• **PROBLEM STATEMENT**
In the records below, the line with "Ezek az állatok" opens the range and the line with "5 week old Dachshund" closes it; print that range exactly and nothing else.

• **DATA TO PROCESS**

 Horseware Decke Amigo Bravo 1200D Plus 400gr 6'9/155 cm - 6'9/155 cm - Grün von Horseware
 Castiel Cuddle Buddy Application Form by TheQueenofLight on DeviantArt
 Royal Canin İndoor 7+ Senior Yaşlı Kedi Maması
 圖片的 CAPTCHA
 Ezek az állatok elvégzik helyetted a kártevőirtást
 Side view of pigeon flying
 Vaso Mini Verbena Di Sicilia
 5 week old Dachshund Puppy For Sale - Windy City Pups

...

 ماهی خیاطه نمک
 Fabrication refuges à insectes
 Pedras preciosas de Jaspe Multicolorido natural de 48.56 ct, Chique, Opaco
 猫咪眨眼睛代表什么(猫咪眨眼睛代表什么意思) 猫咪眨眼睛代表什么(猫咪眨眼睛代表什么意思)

• **TASK OUTPUT**
 Ezek az állatok elvégzik helyetted a kártevőirtást
 Side view of pigeon flying
 Vaso Mini Verbena Di Sicilia
 5 week old Dachshund Puppy For Sale - Windy City Pups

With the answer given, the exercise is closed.